= Operation Bittern =

Operation Bittern (Bittern-ekspedisjonen, known as Bitern in the oldest sources) was a military operation in occupied Norway planned and carried out in 1942 by the British Special Operations Executive (SOE) and the Norwegian government-in-exile in London.

Four SOE agents and instructors—Thor Helliessen, Jan Allan, Ruben Langmo and Johannes S. Andersen—were sent to Norway and parachuted into Nordmarka north of Oslo in October 1942. Their primary mission was to help the resistance movement Milorg with the assassinations of Norwegian Nazis and informers by training selected Milorg personnel for the task. If asked by Milorg they would also help as executioners. According to Chief of Defence, General Wilhelm von Tangen Hansteen, the group should only act upon decisions by the Home Forces, and they brought no liquidation lists from the UK. The problem was that the operation had not been approved by Milorg in advance. In a meeting between Milorg leaders Jens Christian Hauge and Arthur Hansson and the expedition leader, it turned out that Bittern operated with a list of persons that SOE wanted to get rid of. The list contained 62 names, which not only included informers and torturers, but also Nazi politicians such as the government "ministers" Hagelin, Lie and Fuglesang. Milorg feared that the reprisals might be terribly harsh compared with the benefits of such assassinations, based on recent experience from Telavåg and Majavatn. It was decided that the agents should be used as instructors for military training and hand-to-hand combat, and the four persons were split into two teams. While one team solved its tasks satisfactorily, the other team's behaviour led to a scandal. After episodes of heavy drinking, too much talking, and other hazardous behaviour, Milorg demanded the two SOE agents to be recalled to the United Kingdom.

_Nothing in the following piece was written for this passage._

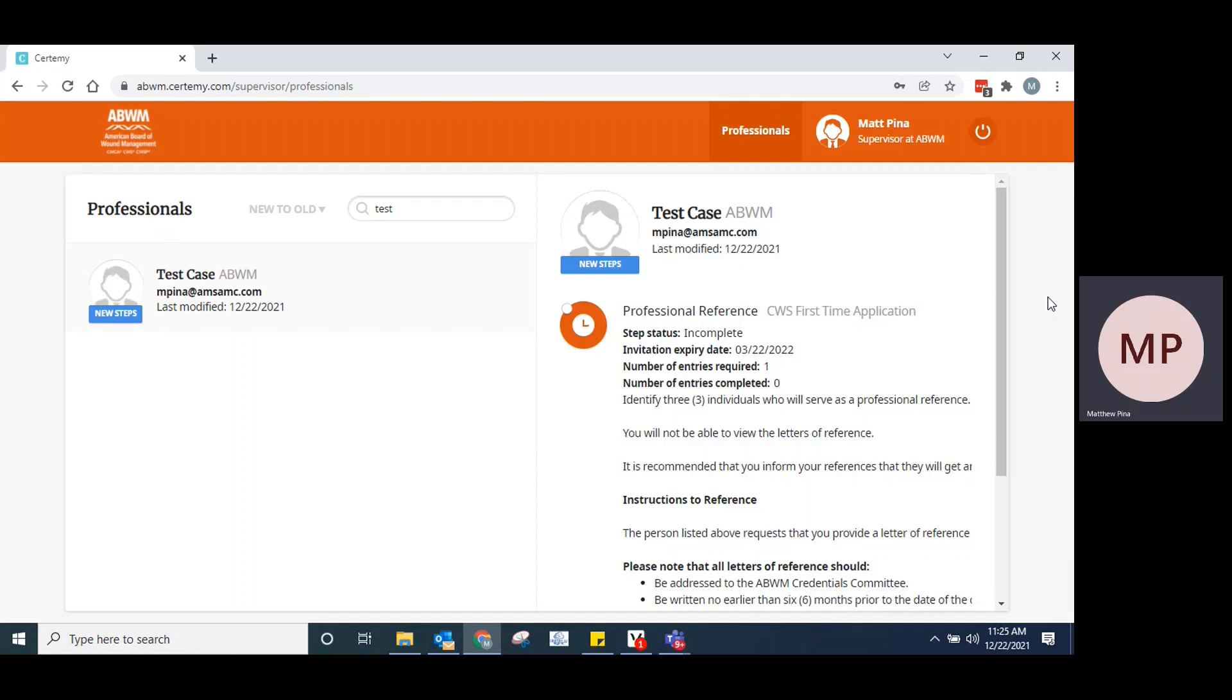Once you've received that email, you'll click on that. It'll take you to the website, the online application system.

Operation Bittern was severely criticized by the Norwegian Home Forces in letters and other communications to the Norwegian government-in-exile in London. The government in London was distinctly unimpressed that SOE, with the tacit acceptance of Norwegian High Command, had selected a former notorious criminal to take part in such a task. The incidents led to a long-lasting conflict between Milorg, the government-in-exile and SOE, although eventually a more cooperative climate developed between them.